The week of diplomacy with Russia ended without a clear resolution and Europe teetering on the brink of war.
The West and Russia have reached an impasse, neither willing to budge on Russia’s core demand of excluding Ukraine from NATO and pulling NATO members’ forces back from Eastern Europe. Russia has over 100,000 troops near Ukraine’s borders, along with the technology they need for a large-scale offensive.
Russia met with the U.S. on Jan. 10 and with NATO on Jan. 12. Following the meeting of the Organization for Security and Cooperation in Europe on Jan. 13, both Russia and the West made ominous statements.
“We’re facing a crisis in European security,” said top U.S. diplomat Michael Carpenter. “The drumbeat is sounding loud and the rhetoric has gotten shrill.”
Sergei Ryabkov, the top diplomat at Russia’s delegation, told news agency Interfax that the talks hit a dead end, and he does not see any reason to sit down again in the coming days to discuss the same thing. During the talks, Russia focused on the draft treaties with the demands it sent to the U.S. and NATO in December.
“We propose to go step by step through the text, to work on it in order to bring it to a stage where it would be ready to sign,” Ryabkov said. “This is impossible today because the U.S. and its allies categorically say no to key elements of these texts.”

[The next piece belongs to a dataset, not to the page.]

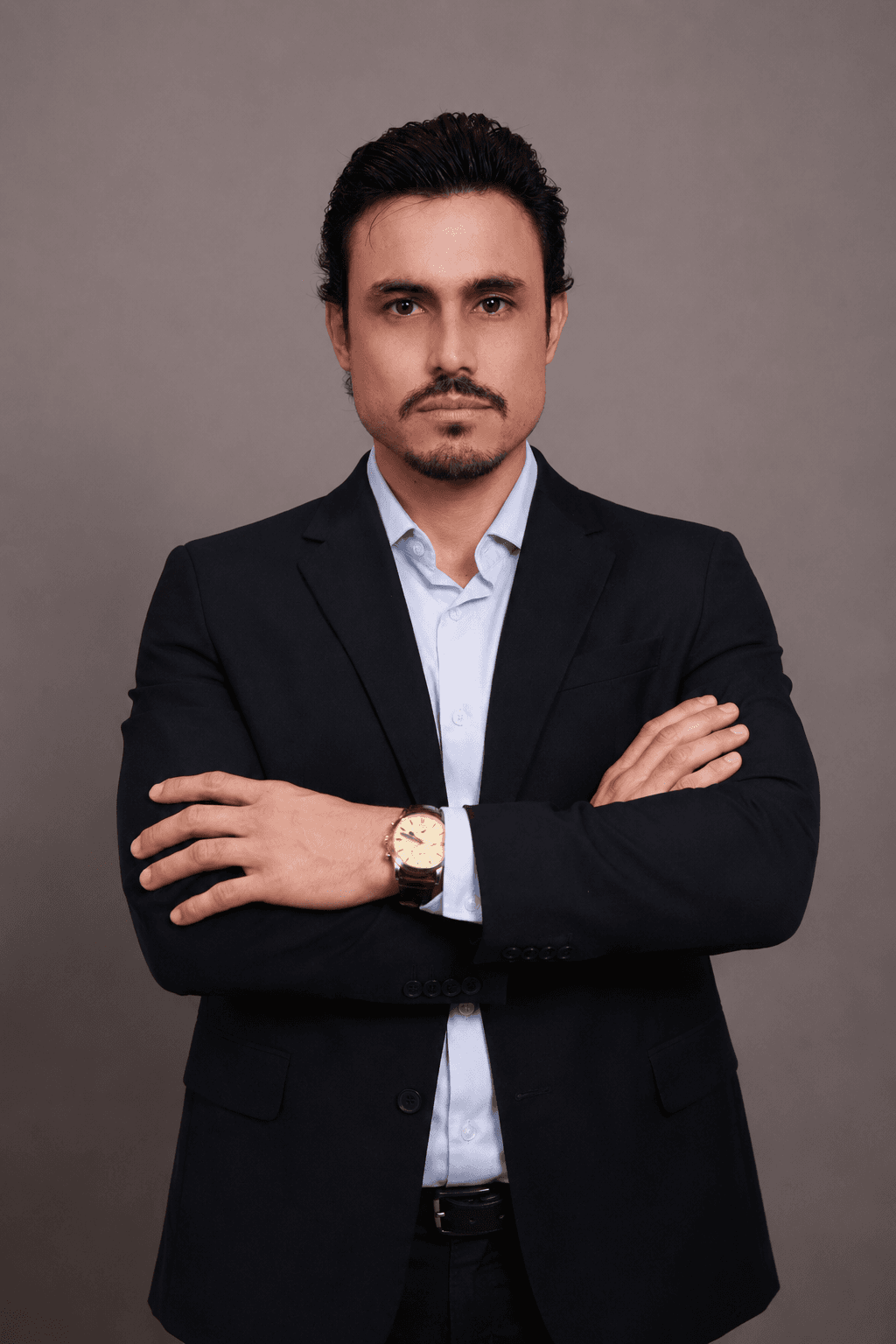 Dr. Jhonatan Lucateli — Anestesista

The key elements include Ukraine's membership, which Russia called a "red line," and for NATO allies not to deploy military assets in countries that joined NATO after 1997 – in other words, all former Warsaw Pact states. The demand has been roundly rejected as a non-starter.
“We must never stand for the flouting or erosion of our bedrock principles,” Carpenter said. “That means no tolerance for overt or tacit spheres of influence, no restrictions on the sovereign right of nations to choose their own alliances, no privileging one state’s security requirements over those of another.”
The Russian mission to the OSCE warned “if we don’t hear a constructive response to our proposals within a reasonable timeframe and aggressive behavior towards [Russia] continues, we’ll have to take necessary measures to ensure strategic balance and eliminate unacceptable threats to our national security.”
The U.S. and its allies promised severe economic sanctions if Russia invades.
OSCE chairman and Polish Foreign Minister Zbigniew Rau said that the risk of war in the OSCE area “is now greater than ever before in the last 30 years.”
To keep diplomacy going, Carpenter said that OSCE members agreed to launch a new process to debate issues of European security.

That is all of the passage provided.